Shutting her eyes, she again saw Marianna's little figure running at her side along the foggy river-bank, while she told how Antonio had borrowed money from Madame "to set up a fine Apartment."
Profound anguish, rage and shame goaded Regina, forced her to sob, to run, to try and escape somehow from Marianna; but Marianna still ran along by her side, telling of her encounter with the fireman.
"He had become a priest; but coquettish——"
She laughed, not thinking of the priest, thinking of some mysterious, fearful thing.

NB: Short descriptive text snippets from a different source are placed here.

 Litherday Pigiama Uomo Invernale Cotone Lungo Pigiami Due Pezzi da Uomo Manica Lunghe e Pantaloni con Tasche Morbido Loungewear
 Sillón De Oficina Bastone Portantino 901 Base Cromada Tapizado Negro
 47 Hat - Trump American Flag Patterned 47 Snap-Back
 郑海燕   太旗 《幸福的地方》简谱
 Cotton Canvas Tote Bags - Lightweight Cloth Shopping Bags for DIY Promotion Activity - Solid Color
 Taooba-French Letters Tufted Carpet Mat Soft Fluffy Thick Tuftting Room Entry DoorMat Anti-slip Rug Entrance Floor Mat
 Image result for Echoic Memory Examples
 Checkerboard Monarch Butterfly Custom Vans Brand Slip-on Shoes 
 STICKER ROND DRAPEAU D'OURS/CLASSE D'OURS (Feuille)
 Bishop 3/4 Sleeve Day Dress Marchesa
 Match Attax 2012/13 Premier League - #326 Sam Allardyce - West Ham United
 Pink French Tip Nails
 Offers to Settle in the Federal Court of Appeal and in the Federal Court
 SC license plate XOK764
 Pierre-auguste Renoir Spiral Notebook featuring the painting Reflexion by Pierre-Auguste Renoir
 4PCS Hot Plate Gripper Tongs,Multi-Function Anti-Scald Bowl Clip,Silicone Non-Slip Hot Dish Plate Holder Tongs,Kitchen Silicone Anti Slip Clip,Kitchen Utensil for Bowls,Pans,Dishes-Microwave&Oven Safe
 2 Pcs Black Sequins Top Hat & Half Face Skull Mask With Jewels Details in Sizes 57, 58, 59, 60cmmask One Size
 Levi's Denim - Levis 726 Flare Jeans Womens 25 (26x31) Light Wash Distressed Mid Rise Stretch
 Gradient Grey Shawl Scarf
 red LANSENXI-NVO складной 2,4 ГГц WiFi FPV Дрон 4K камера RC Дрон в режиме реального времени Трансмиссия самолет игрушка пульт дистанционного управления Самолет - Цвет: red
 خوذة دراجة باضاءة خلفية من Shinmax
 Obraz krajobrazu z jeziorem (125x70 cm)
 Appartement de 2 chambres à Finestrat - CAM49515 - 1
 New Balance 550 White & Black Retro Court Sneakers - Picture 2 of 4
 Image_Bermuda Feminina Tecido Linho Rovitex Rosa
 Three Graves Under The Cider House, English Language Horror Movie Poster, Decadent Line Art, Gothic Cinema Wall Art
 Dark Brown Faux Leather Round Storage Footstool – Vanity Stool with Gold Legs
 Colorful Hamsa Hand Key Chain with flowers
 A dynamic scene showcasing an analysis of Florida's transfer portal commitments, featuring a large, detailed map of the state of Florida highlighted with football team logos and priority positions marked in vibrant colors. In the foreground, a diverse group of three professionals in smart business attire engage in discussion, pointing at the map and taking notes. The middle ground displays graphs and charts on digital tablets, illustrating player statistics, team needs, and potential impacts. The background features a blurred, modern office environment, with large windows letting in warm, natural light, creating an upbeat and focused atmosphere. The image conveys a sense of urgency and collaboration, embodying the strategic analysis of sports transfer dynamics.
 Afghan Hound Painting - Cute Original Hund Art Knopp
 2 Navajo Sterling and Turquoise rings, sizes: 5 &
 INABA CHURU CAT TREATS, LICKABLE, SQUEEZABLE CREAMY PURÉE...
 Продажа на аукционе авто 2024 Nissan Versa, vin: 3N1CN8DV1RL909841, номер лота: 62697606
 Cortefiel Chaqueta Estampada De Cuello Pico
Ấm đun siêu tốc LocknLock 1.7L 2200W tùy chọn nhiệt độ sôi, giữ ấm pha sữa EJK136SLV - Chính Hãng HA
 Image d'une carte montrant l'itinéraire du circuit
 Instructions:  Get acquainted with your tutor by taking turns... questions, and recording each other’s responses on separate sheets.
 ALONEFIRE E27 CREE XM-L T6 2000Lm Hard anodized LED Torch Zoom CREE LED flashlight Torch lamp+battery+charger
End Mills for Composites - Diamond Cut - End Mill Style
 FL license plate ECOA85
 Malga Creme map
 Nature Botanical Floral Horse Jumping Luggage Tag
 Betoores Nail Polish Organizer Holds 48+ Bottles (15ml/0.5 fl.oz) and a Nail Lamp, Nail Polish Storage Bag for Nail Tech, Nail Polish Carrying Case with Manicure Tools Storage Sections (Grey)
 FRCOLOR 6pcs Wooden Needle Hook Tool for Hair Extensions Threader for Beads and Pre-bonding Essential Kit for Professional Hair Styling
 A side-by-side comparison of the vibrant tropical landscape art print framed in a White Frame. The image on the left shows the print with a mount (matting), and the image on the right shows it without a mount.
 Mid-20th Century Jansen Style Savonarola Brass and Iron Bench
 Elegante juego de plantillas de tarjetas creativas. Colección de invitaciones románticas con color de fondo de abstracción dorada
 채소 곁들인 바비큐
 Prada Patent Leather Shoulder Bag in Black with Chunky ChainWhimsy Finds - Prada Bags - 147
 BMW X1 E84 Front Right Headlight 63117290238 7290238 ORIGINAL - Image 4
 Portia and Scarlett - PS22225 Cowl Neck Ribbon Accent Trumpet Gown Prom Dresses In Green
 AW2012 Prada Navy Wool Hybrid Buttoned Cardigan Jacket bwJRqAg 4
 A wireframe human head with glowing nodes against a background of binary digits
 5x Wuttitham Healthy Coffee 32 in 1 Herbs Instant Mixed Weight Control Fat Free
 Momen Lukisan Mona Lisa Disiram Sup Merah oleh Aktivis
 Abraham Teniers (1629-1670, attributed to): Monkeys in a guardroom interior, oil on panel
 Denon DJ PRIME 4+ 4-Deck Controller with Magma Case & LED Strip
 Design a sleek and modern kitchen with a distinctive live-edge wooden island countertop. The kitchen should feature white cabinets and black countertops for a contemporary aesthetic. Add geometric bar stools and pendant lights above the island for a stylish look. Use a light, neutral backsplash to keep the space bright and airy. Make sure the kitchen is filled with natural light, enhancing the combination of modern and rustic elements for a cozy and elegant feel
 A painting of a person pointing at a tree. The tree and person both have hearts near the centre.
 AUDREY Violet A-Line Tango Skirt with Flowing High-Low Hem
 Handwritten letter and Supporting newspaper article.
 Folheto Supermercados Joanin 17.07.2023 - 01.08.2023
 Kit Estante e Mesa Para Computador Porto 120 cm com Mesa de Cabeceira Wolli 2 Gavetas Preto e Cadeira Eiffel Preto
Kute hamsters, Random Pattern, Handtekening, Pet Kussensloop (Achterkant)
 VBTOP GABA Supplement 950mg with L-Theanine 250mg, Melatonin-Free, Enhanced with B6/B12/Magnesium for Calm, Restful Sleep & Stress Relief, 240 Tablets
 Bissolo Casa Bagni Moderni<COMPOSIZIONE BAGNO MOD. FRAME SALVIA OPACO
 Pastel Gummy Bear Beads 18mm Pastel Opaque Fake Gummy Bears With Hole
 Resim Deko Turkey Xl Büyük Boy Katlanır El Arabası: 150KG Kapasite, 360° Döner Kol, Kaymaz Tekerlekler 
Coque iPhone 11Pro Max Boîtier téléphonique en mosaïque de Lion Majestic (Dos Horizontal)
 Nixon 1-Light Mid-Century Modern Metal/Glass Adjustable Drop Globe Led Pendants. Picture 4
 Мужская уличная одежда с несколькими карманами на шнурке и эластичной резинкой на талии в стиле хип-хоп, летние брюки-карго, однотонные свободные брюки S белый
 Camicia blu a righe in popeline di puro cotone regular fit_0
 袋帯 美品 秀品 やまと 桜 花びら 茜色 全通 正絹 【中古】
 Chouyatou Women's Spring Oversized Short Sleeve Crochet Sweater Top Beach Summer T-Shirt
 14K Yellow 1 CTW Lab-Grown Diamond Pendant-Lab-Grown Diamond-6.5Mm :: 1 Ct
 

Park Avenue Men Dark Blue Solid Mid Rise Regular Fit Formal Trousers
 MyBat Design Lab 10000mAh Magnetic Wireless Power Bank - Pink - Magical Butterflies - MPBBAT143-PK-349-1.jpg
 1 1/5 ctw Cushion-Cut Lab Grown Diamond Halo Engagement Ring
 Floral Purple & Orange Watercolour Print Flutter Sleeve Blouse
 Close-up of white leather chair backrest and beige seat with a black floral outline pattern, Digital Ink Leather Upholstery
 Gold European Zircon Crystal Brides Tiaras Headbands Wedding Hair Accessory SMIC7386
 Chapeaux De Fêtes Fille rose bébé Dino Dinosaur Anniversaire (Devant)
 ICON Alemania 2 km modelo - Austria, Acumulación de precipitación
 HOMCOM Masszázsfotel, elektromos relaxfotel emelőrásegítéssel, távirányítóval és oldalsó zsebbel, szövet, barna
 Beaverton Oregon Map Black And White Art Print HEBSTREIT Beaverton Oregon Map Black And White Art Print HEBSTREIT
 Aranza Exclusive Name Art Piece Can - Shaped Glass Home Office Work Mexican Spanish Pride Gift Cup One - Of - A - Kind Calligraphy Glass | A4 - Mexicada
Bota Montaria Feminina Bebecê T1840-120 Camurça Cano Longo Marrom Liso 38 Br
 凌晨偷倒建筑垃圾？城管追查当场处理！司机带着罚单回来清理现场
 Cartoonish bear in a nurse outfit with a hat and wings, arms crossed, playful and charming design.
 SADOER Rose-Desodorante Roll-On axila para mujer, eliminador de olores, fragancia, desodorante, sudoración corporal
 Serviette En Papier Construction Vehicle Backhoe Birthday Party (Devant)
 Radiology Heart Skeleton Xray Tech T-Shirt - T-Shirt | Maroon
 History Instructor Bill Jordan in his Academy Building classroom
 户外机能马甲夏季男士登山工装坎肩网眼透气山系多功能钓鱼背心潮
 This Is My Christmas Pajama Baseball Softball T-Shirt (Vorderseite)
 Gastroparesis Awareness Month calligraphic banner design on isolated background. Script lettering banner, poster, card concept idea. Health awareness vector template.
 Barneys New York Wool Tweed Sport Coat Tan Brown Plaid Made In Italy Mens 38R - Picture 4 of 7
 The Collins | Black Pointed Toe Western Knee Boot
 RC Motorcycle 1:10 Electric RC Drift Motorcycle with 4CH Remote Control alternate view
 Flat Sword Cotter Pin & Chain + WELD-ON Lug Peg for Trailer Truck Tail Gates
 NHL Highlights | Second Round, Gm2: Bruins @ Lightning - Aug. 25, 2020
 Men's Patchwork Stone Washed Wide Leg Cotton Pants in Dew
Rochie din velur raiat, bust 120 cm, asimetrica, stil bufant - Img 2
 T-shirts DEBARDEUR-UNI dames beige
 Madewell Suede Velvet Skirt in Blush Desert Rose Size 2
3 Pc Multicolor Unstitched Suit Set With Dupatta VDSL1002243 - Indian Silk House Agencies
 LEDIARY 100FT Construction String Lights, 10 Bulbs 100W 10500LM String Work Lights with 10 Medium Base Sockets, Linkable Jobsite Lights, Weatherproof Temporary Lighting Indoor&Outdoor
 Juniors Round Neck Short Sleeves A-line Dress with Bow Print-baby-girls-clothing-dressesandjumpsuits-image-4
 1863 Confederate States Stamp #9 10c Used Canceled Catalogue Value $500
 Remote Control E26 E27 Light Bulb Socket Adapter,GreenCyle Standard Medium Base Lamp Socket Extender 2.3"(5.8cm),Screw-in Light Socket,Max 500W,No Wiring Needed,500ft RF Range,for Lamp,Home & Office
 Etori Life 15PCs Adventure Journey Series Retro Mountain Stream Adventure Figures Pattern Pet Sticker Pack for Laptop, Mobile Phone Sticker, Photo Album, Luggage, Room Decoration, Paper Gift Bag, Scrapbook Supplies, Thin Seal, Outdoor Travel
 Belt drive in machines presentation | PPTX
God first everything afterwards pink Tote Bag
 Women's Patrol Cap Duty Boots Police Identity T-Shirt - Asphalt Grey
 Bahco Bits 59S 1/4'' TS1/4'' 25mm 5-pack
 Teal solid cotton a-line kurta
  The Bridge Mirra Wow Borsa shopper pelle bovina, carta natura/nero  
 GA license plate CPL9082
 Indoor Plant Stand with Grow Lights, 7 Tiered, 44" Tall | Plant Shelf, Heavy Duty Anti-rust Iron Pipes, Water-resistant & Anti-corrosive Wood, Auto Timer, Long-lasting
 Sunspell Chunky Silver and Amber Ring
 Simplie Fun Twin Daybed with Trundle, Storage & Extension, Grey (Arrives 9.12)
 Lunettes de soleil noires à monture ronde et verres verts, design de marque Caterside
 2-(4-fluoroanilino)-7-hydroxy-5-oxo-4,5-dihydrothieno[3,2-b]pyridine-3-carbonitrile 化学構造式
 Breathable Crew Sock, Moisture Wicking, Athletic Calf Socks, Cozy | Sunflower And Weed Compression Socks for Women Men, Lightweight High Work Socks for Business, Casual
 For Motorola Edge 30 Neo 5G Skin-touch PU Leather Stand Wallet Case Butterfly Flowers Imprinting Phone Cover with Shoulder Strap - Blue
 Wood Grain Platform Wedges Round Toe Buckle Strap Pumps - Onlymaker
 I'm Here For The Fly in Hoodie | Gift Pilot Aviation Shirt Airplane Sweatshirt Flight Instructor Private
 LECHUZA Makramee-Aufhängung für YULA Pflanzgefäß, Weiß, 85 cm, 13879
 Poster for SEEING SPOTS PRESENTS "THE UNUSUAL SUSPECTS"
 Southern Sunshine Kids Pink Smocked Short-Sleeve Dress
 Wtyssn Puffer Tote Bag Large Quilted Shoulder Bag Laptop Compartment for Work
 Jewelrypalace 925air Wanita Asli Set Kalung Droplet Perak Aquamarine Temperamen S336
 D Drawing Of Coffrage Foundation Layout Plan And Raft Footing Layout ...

Regina opened her eyes, passed her hands over her face, still tear-stained, and she felt her mind grow yet darker. At that moment the memory of her dream had for her a solemn signification. From the depths of the unconscious rose up clearly the anguished impression of that distant hour. What had happened then? Under the influence of what pathological phenomenon, presentiment, or suggestion, had she fallen? Perhaps the very hour of her dream had been the hour of the abominable deed.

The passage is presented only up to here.